Study Description: This systematic review and meta-analysis identified PubMed, Cochrane Library, and Web of Science randomized control trials (RCT) that compared different glycemic control strategies using insulin in critically ill patients with hyperglycemia. Studies were included if the RCT compared various insulin regimens in adult critically ill patients with hyperglycemia and reported outcomes of interest. The primary efficacy outcome assessed was short-term mortality defined as ICU, hospital, 28-day, 90-day, or 6-month mortality. The primary safety outcome was hypoglycemia (blood glucose < 3.3 mmol/L), with severe hypoglycemia defined as blood glucose < 2.2 mmol/L. Patients were stratified into four groups: tight control (4.4 to < 6.1 mmol/L), moderate control (6.1 to < 7.8 mmol/L), mild control (7.8 to < 10.0 mmol/L), and very mild control (10.0 to < 12.2 mmol/L).

 

Results: Thirty-six RCTs were identified which included 17,996 patients. There was no statistical difference in the primary efficacy outcome between very mild control and tight control (RR 0.94, 95% CI 0.83-1.07, p = 0.36), mild control (RR 0.88, 95% CI 0.73-1.06, p = 0.18), or moderate control (RR 1.1, 95% CI 0.66-1.84, p = 0.72).

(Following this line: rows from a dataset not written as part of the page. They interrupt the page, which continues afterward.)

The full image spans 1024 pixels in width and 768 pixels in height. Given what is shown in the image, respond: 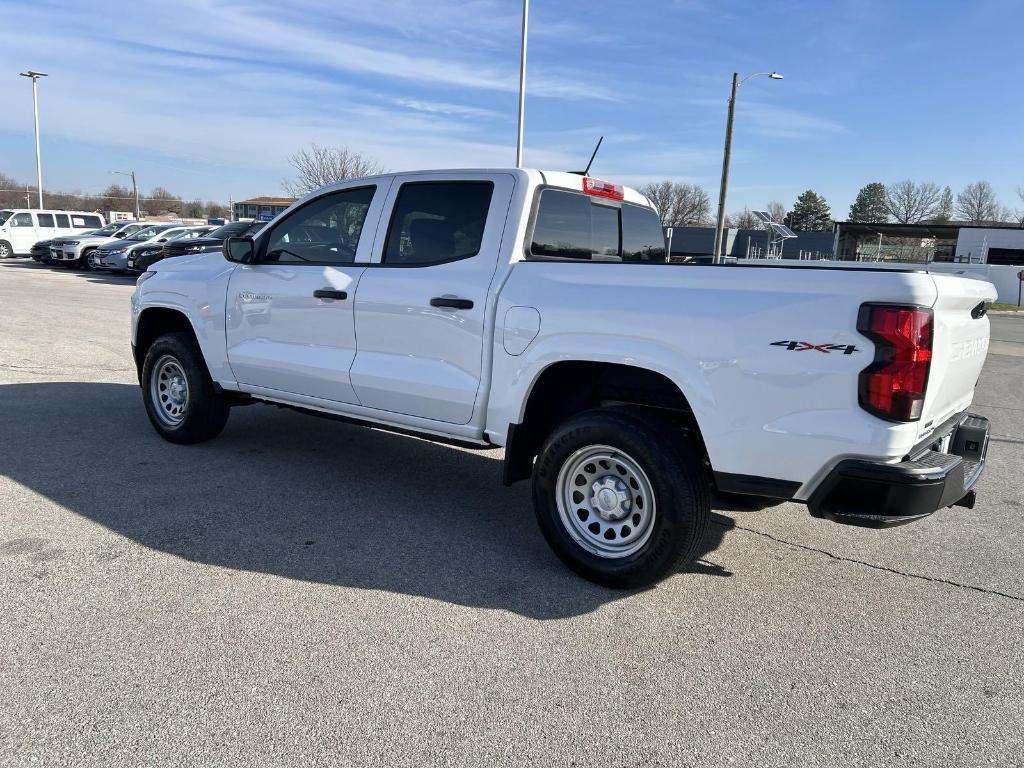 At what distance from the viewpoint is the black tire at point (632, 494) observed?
346 cm

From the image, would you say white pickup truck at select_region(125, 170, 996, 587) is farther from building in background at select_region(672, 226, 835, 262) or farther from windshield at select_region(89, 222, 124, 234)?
building in background at select_region(672, 226, 835, 262)

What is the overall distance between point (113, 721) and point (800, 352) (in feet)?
9.19

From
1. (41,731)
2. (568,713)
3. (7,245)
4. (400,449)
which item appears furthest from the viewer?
(7,245)

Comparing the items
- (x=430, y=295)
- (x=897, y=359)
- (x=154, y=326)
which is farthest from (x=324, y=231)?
(x=897, y=359)

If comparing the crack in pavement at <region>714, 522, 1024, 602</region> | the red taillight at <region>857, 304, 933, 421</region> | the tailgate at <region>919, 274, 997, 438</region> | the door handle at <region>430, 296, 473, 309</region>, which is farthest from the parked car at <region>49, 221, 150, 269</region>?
the red taillight at <region>857, 304, 933, 421</region>

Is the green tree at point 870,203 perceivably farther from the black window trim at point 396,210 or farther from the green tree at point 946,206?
the black window trim at point 396,210

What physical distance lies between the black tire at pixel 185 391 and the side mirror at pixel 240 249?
87cm

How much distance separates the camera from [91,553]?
3867 mm

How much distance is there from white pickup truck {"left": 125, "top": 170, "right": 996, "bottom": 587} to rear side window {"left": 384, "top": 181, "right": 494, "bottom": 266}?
13mm

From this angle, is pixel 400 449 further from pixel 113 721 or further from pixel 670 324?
pixel 113 721

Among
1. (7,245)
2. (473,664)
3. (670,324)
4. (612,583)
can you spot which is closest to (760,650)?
(612,583)

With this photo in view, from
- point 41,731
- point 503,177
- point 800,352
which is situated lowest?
point 41,731

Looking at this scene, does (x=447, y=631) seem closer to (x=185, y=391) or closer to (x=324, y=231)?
(x=324, y=231)

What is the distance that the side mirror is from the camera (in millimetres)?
5258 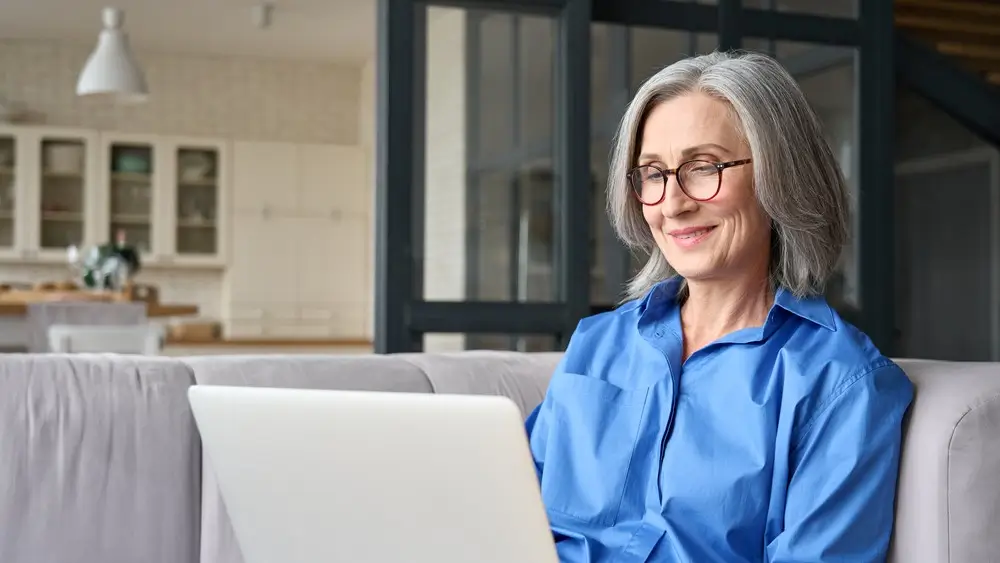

Severe hypoglycemia was more common than tight control compared to very mild control (RR 5.49, 95% CI 3.22-9.38, p < 0.001) or mild control (RR 4.47, 95% CI 2.5-8.03, p < 0.001). 

 

Conclusions: Tight glycemic control did not confer mortality benefit and was associated with increased hypoglycemic events. 

 

Perspective: The American Diabetes Association recommends critically ill patients maintain blood glucose values between 140 mg/dL to 180 mg/dL (Grade A). This meta-analysis reflects the current practice of critical care clinicians today and previous works in the literature such as the NICE-SUGAR trial and the Leuven II from Van den Berghe et al (2006). While tighter control may have been shown to have some benefit in ICU length of stay and duration of mechanical ventilation, its benefits do not outweigh the risks reflected in hypoglycemia rates.